— EXERCISE DIRECTIONS —
Return an exact copy of the entries, skipping any picture you find.

____

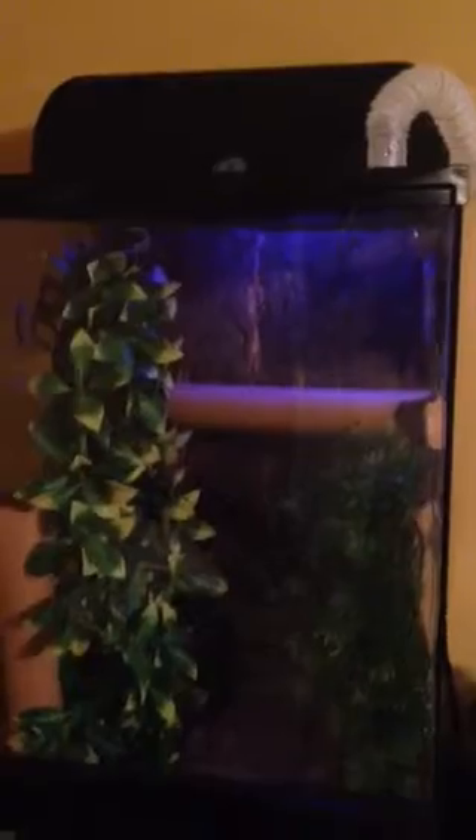But anyways, this is his setup. It's real basic. It's a 12x12x18 ExoTerra with the hood light fixture. It has a 60 watt moonlight bulb in it. Let me open it up and put him back in there, then I'll show you the setup.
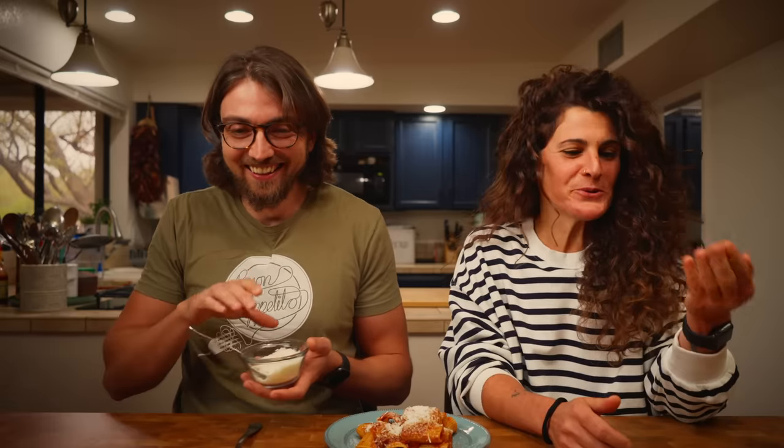While liberally dusting this amazing plate of pasta with some pecorino cheese, let's settle once and for all the question people always ask: is it sauce or gravy? It's ragu. It's not sauce, it's not gravy — it's ragu. Neither of those words are Italian words. Call it with its own name: ragu.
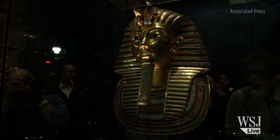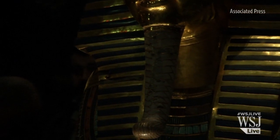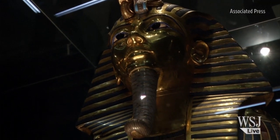A German expert summoned to Cairo to examine the damaged burial mask of King Tutankhamen says that the epoxy used to glue the mask's beard back on can be removed and the mask properly restored.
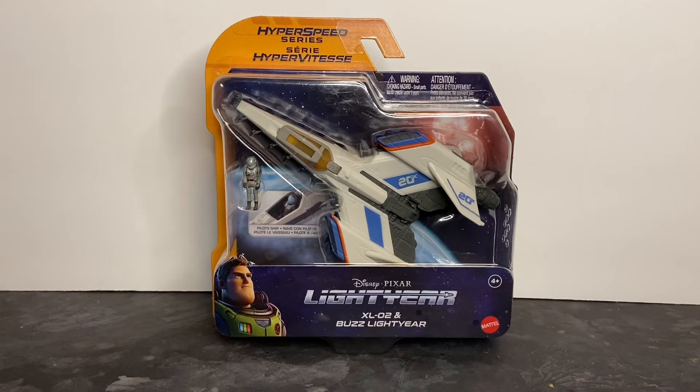Welcome to Dark Horizon Creations. I'm Mike. This time we're taking a look at the Disney Pixar Lightyear Hyperspeed Series XL02 and Buzz Lightyear minifigure by Mattel.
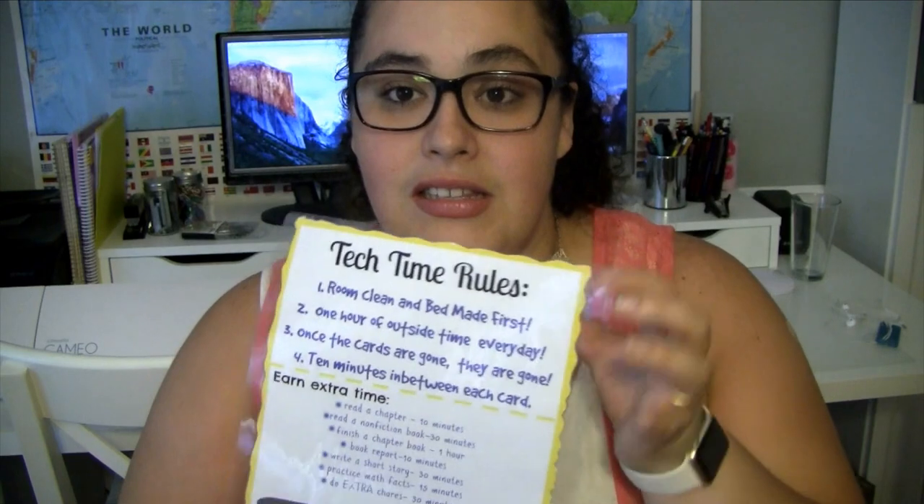So, tech time rules — I have four simple rules. The first rule is your room has to be clean and your bed has to be made first. Before you're allowed to use any tech time, I need everything off the floor in your room and put back where it goes and your bed fixed. That's always been a rule, especially during the summer. I like for them to wake up and pick up their room if it's messy and fix their bed so that they start the day with a clean room.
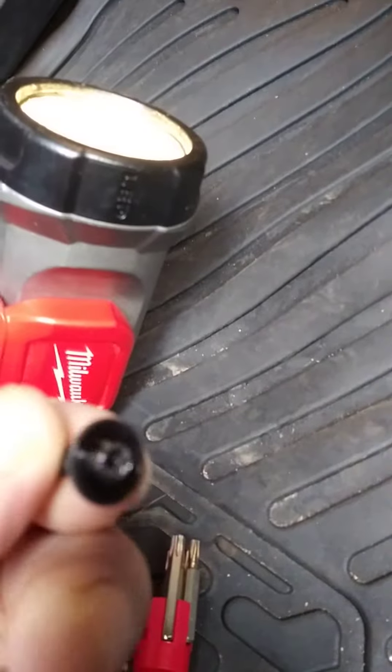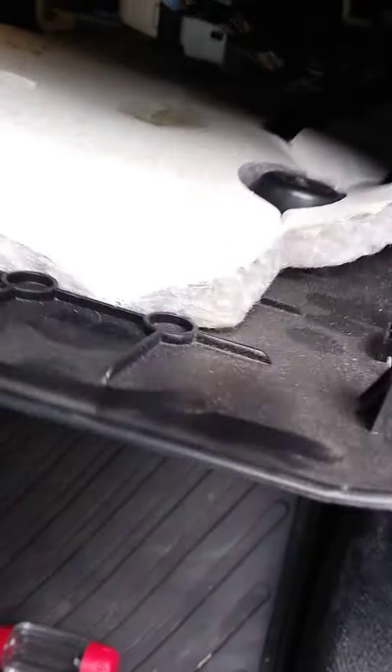These three screws under here are the screws you're looking for. Already got a couple of them out here. This panel right here is what you're looking for. Pop that out. Slide it towards you. Watch if you got a wire connected right there, so be careful.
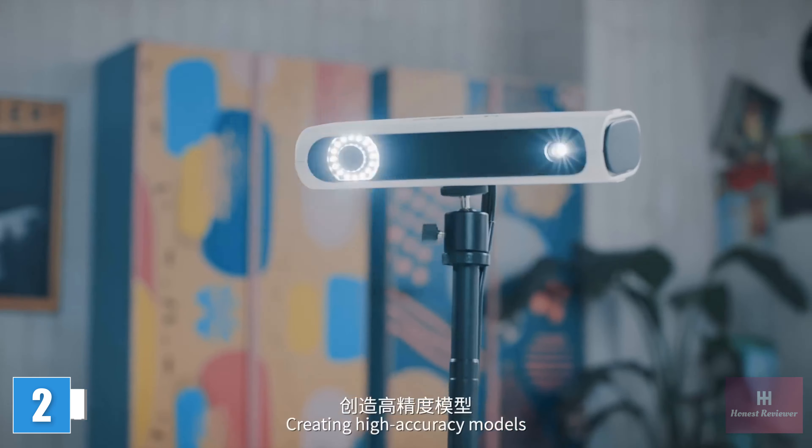Meet the Revopoint Morocco, the world's lightest standalone 3D scanner, ready to transform how you scan. Starting with its impressive mobility and powerful hardware, Morocco allows you to capture objects without having to bring a laptop or deal with messy cables. When you've completed your scan, Morocco's powerful onboard software allows you to capture scans and post-process your data.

____

— TASK OUTPUT —
But anyways, this is his setup. It's real basic. It's a 12x12x18 ExoTerra with the hood light fixture. It has a 60 watt moonlight bulb in it. Let me open it up and put him back in there, then I'll show you the setup.
While liberally dusting this amazing plate of pasta with some pecorino cheese, let's settle once and for all the question people always ask: is it sauce or gravy? It's ragu. It's not sauce, it's not gravy — it's ragu. Neither of those words are Italian words. Call it with its own name: ragu.
A German expert summoned to Cairo to examine the damaged burial mask of King Tutankhamen says that the epoxy used to glue the mask's beard back on can be removed and the mask properly restored.
Welcome to Dark Horizon Creations. I'm Mike. This time we're taking a look at the Disney Pixar Lightyear Hyperspeed Series XL02 and Buzz Lightyear minifigure by Mattel.
So, tech time rules — I have four simple rules. The first rule is your room has to be clean and your bed has to be made first. Before you're allowed to use any tech time, I need everything off the floor in your room and put back where it goes and your bed fixed. That's always been a rule, especially during the summer. I like for them to wake up and pick up their room if it's messy and fix their bed so that they start the day with a clean room.
These three screws under here are the screws you're looking for. Already got a couple of them out here. This panel right here is what you're looking for. Pop that out. Slide it towards you. Watch if you got a wire connected right there, so be careful.
Meet the Revopoint Morocco, the world's lightest standalone 3D scanner, ready to transform how you scan. Starting with its impressive mobility and powerful hardware, Morocco allows you to capture objects without having to bring a laptop or deal with messy cables. When you've completed your scan, Morocco's powerful onboard software allows you to capture scans and post-process your data.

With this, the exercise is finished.